We imagine ourselves, as parents, as the wise guides leading our children through the labyrinth of life, equipping them with the tools to navigate its complexities. But what if we have it backwards? 

What if, instead, our children are the true philosophers, and we are merely their students?

I was confronted with this thought recently when my young daughter came home, looked at me, and immediately asked: "What’s the problem?" 

She hadn’t been told anything. She hadn’t been primed to expect bad news. She simply saw it—registered my expression, my body language, the almost imperceptible shift in energy that adults often miss in each other. She noticed what was there, not what was said.

It was a moment of pure presence. No speculation, no assumptions, no over-explanation—just a direct question cutting through all the noise.

Children often arrive at philosophical truths through lived experience rather than abstract reasoning.

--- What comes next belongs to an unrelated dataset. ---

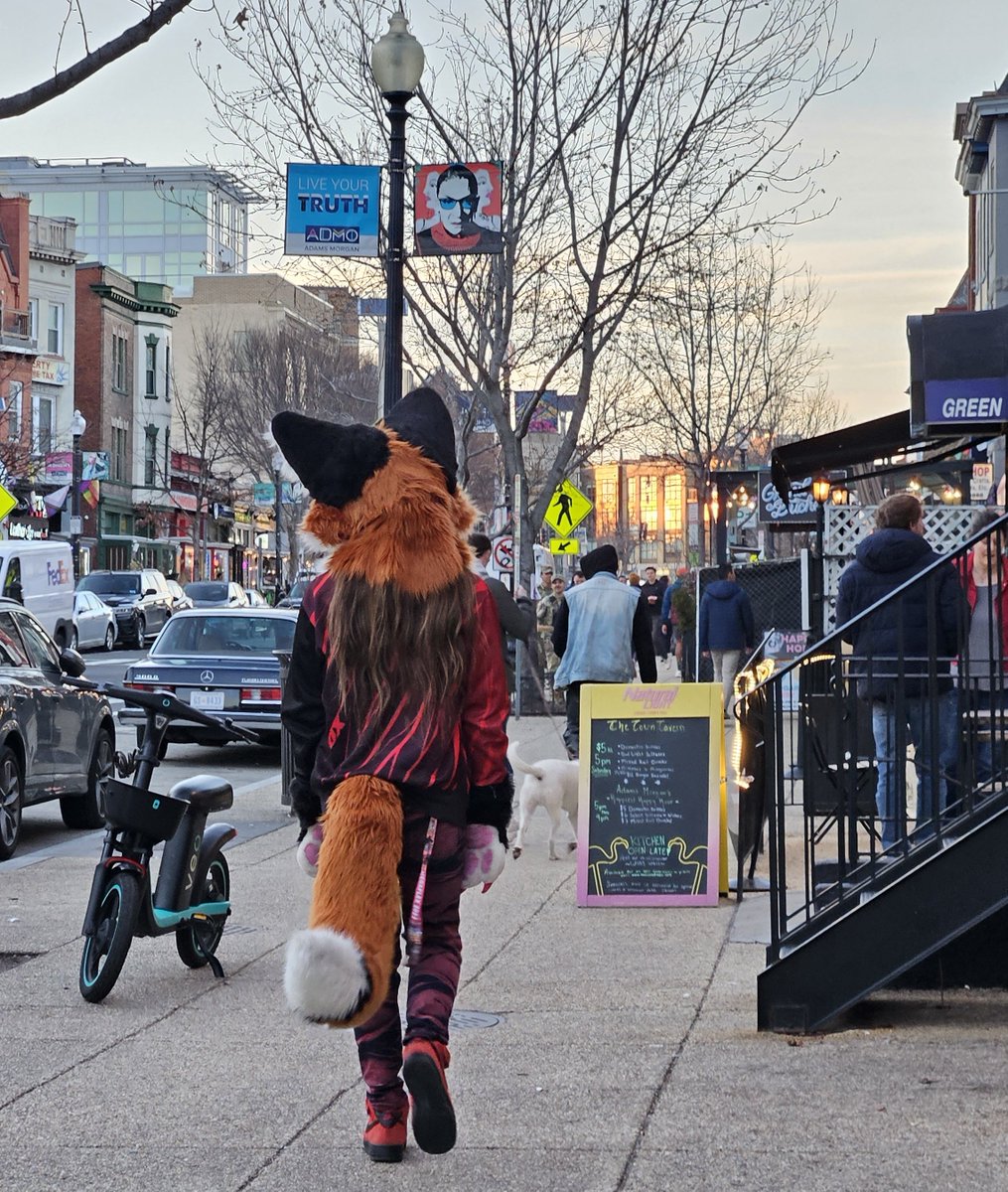 ShadowFox tweet media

That evening, my daughter saw me wrestling with a difficult situation—an instance where an adult had been deeply unfair to her.

She looked at me, absorbing the weight of it, then simply said, "Okay, I forgive that person."

It wasn’t resignation. It wasn’t forced. It was a quiet, deliberate act of power.

She understood something many adults struggle with—that forgiveness is not about justifying another’s actions, but about choosing not to be bound by them.

She had, in that moment, taken control of something unjust, not by fighting it, not by denying it, but by asserting her own agency.

She decided to forgive, and in doing so, made the concept of forgiveness entirely her own.

This is why children and philosophy belong together. They don’t just theorize about ethics and human nature—they live these ideas, often with a clarity that adults spend their lives trying to regain.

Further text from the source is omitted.